Do you understand the difference between:

"To be confirmed" and "Awaiting Confirmation" surely this is the same thing? I can code round it but if they are the same... then the csv should standardise to make it easier for new consumers, and in fact if the data is still under review then I don't think it's relevant anyway, especially given it has no assigned location and given we know the data is only a relation to the reality anyway... so discarding this data is not going to make any difference it just makes the feed cleaner.

I think while the gov wants to record all data, anyone wanting to plot the data is likely more interested in data that can be plotted and related not data that is under review.

timday commented 4 years ago

Real world data is messy by default. Odd "unknown"/"unconfirmed"/"unassigned"-type categories are to be expected. How a data consumer deals with them depends a lot on what they're trying to achieve. If your map-plotting app can discard "unknown", that's one perfectly valid solution. But other consumers of the data may regard them as providing valuable information about the uncertainties. So IMHO these csv files are fine as they are and this isn't the right place to be cleaning them up. Of course ideally the upstream source would have such a tight operation that they'd never need to put any data out in oddball categories... but again the real world isn't always that organized.
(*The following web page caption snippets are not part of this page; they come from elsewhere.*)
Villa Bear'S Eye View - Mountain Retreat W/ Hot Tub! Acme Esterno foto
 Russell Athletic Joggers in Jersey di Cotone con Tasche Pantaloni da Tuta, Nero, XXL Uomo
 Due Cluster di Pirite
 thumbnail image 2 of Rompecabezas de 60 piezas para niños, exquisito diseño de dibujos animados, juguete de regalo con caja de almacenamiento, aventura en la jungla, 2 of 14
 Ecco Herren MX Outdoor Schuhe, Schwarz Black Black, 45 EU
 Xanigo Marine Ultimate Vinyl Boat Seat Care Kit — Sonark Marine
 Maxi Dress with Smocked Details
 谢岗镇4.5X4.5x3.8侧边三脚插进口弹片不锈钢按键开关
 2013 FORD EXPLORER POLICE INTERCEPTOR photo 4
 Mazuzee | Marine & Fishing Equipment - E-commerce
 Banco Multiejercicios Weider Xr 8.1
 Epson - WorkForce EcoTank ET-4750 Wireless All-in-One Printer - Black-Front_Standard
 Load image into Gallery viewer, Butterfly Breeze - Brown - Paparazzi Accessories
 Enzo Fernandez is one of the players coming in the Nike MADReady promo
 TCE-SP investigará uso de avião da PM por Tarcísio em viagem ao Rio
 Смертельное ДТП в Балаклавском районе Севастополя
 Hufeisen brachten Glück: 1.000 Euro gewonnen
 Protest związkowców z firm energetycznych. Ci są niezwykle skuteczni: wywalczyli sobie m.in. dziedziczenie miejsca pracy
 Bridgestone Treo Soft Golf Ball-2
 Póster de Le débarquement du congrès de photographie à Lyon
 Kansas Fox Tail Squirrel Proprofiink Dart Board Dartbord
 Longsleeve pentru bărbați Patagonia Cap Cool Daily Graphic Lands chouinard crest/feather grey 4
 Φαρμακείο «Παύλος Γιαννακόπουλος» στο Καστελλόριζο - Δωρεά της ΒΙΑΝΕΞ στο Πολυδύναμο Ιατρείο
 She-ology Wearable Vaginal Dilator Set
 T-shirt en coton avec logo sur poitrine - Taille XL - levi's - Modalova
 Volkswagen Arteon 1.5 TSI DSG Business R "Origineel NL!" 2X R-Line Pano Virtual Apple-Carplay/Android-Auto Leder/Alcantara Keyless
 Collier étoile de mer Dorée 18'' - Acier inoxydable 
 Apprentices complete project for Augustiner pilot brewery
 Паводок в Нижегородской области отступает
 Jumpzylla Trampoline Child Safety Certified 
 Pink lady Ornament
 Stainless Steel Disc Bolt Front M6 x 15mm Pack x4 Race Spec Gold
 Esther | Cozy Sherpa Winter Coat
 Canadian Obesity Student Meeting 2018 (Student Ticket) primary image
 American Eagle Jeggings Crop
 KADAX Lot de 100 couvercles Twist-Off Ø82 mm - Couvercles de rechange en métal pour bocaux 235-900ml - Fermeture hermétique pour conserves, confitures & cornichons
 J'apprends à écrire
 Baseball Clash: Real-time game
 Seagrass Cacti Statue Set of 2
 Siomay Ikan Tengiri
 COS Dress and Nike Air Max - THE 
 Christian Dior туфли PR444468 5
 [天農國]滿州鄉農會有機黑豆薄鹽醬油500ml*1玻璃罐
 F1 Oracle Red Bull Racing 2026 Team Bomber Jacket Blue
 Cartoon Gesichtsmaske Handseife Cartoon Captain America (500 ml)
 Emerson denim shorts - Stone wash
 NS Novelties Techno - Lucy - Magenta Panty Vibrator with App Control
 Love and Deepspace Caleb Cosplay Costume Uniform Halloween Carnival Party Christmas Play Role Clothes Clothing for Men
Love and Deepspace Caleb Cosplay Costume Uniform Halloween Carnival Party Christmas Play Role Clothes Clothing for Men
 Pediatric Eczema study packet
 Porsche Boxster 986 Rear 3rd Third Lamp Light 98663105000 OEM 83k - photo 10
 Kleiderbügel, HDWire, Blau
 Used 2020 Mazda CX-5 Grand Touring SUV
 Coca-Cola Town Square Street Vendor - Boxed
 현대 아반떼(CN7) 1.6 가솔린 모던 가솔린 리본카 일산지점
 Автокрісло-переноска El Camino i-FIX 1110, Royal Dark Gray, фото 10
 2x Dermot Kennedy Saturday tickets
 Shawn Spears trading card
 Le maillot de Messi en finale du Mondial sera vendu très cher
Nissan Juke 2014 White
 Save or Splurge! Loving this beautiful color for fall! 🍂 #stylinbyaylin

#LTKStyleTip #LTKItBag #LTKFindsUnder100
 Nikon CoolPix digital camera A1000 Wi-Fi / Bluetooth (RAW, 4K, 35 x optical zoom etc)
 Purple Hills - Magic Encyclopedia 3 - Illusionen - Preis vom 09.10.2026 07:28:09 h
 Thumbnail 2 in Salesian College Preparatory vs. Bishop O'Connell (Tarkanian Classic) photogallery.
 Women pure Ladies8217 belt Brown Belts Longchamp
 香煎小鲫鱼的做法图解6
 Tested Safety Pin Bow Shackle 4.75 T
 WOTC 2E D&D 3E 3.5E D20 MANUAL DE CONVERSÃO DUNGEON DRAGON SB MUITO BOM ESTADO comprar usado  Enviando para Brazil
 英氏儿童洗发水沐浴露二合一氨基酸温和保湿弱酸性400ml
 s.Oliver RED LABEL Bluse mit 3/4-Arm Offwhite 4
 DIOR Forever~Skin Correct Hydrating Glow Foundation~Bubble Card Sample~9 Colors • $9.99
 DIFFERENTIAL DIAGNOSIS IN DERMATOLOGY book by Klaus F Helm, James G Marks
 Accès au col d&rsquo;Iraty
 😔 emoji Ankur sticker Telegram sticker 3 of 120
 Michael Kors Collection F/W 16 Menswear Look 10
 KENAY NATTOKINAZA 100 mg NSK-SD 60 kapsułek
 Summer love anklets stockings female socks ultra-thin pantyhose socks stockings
nanjizal commented 4 years ago

It's just ugly to filter out in real time in a browser since I consume git raw direct from this repo, it would be ideal to have a streamlined version created at the same time as Tom creates the other data. Currently I ignore "awaiting clarification,Awaiting confirmation,Resident outside Wales,To be confirmed,Unknown" and have to trim and scan data for names etc.. If I was running a server I guess I could create a service that injected the lat/long and eastNorth data and cleaned up names etc.. could create something in php/python/java haxe if it was useful, but not really in a position to host anything. Just assumed other users would like cleaner data that is easier to parse. I am not really sure if I got all the lat long positions sensible for wales it's kind of tricky, gov could be a lot more organised in regard to a lot of the related data, it's like they have it but someone forgot to explain that excel is not how you store data for programmers, it's kind of crazy that I have to spend so long googling to match up some places to locations.

timday commented 4 years ago

"Running a server" would seem to be overkill for some simple reformatting/cleaning up/merging of csv file data into something your browser finds it a bit easier to digest. I've not played with them myself (beyond the way GitHub Pages uses them) but I get the impression GitHub Actions can be used to regularly (cron scheduler style) run some python taking some data from somewhere and putting some results somewhere else (pushing them to your own repo, for example).